Assigned task -
Repeat only what runs from the line with "12k Gold 925" through the last line of the data below, both included, keeping every word as it is and leaving out the pictures.

Source material -
══════════

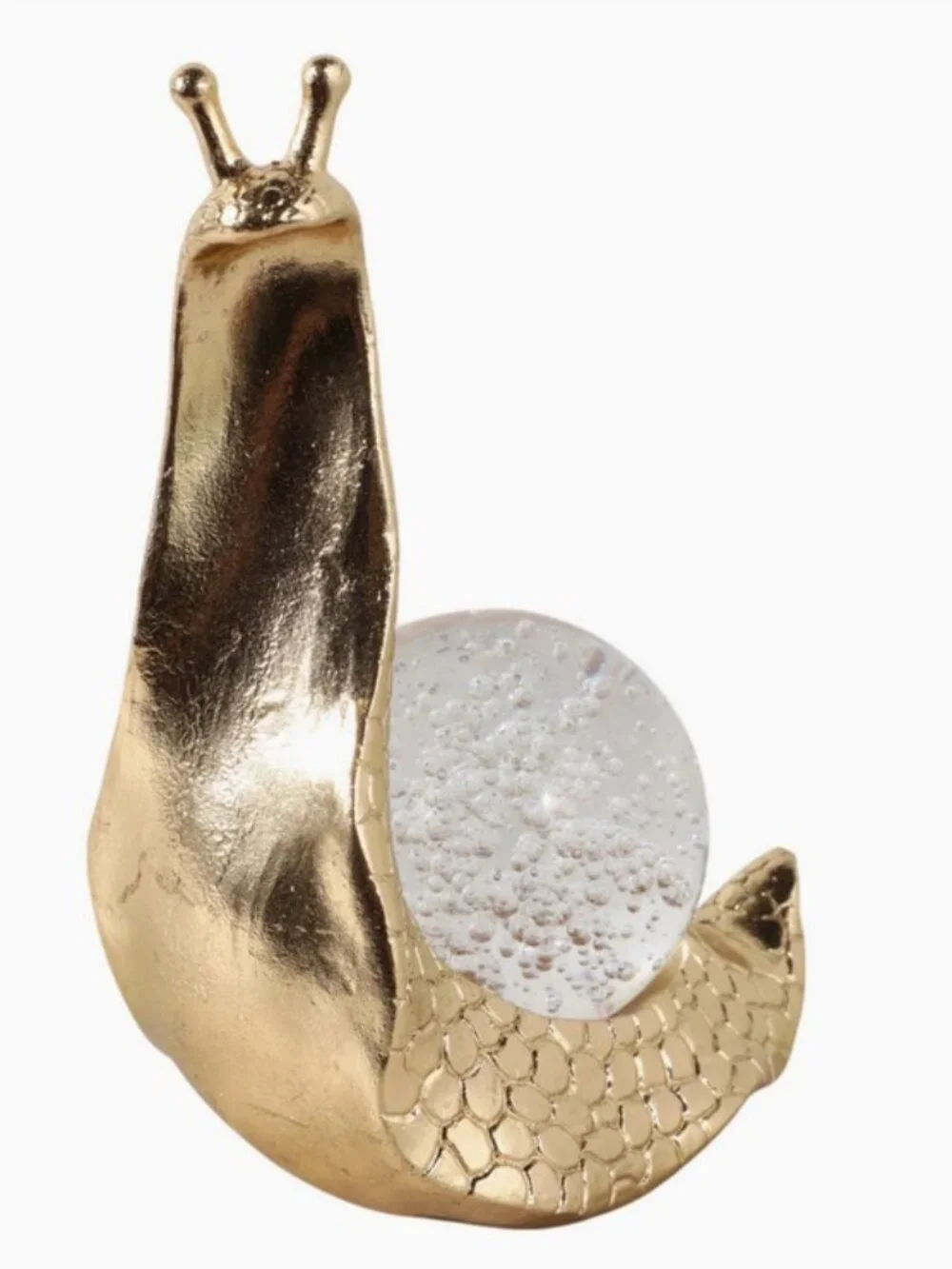 Decorative Statue – Gold Resin Snail with Glass Globe, 8 in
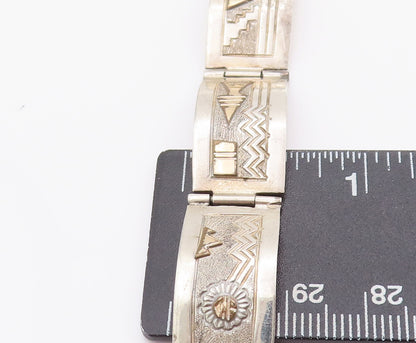 12k Gold 925 Sterling Silver Vintage Bracelet MARIANO NAVAJO Carved  BT10166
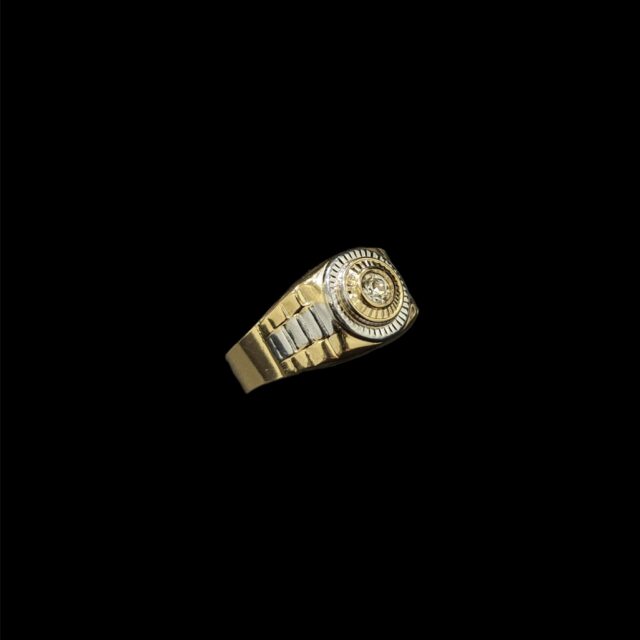 Chevalière Ronde Zircon 2 ors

══════════

Written answer -
 12k Gold 925 Sterling Silver Vintage Bracelet MARIANO NAVAJO Carved  BT10166
 Chevalière Ronde Zircon 2 ors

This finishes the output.